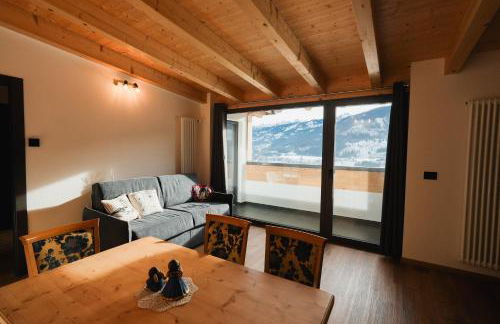 MOUNTAIN DELUXE 27 APARTMENTS con WELLNESS - Foto 5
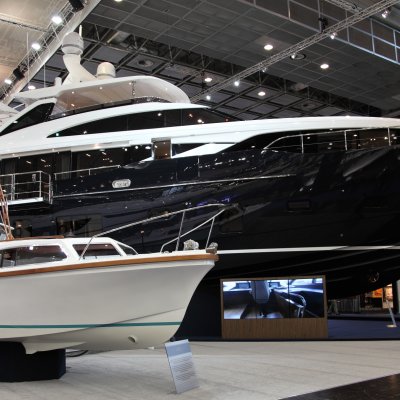 Düsseldorf Boat Show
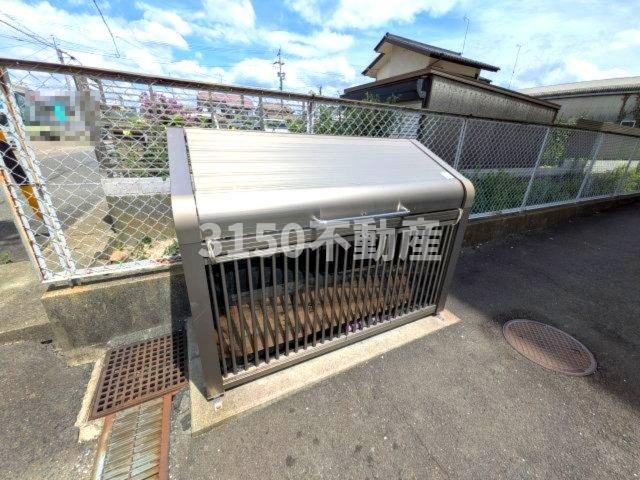 マンション島原のその他共用部分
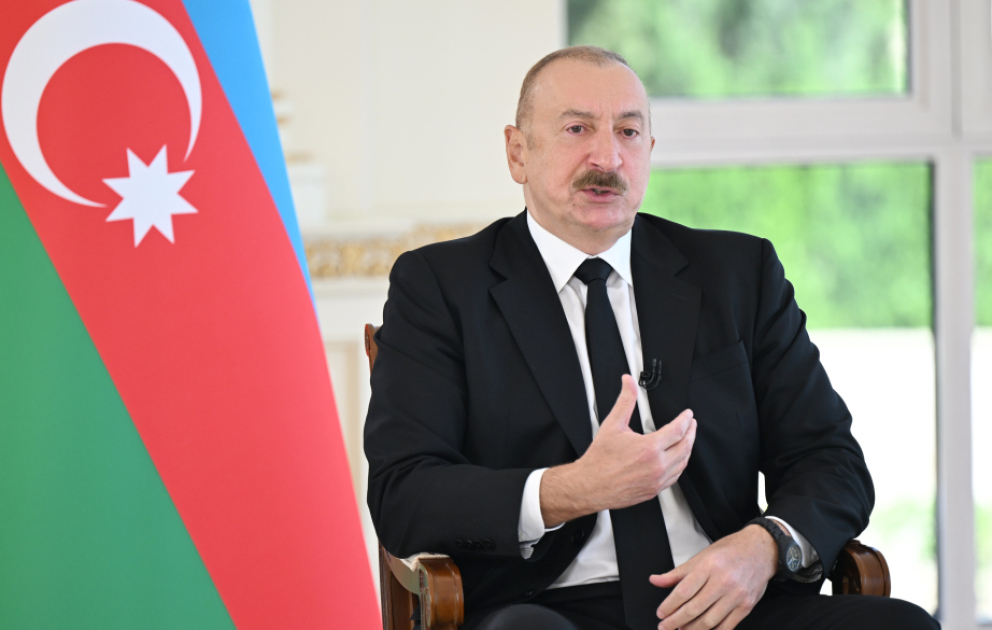 Prezident: Zəngəzur dəhlizi heç bir halda İran üçün təhlükə deyil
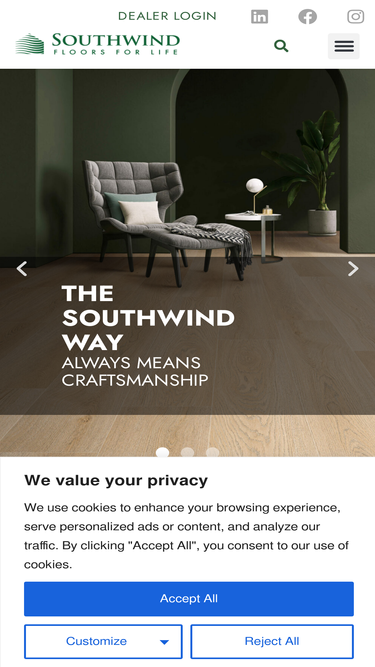 southwindcarpet.com
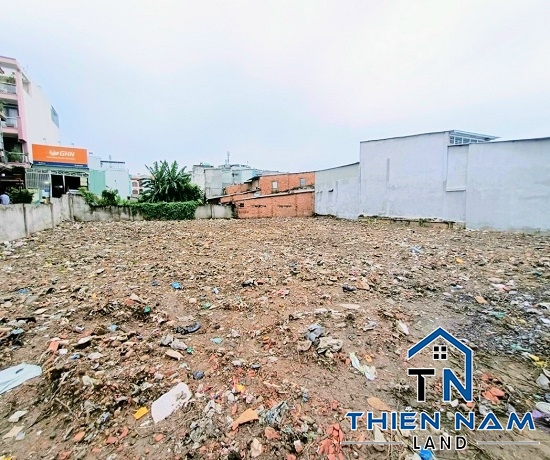 Cho thuê MB đất trống MT Lương Ngọc Quyến, Phường 13, Quận Bình Thạnh - 65 triệu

:::::

- _WORK INSTRUCTION_: Find the line with "southwindcarpet.com". Reproduce it and every line after it through the last line above exactly, leaving out the pictures.

- _ANSWER TO THIS PROBLEM_:
 southwindcarpet.com
 Cho thuê MB đất trống MT Lương Ngọc Quyến, Phường 13, Quận Bình Thạnh - 65 triệu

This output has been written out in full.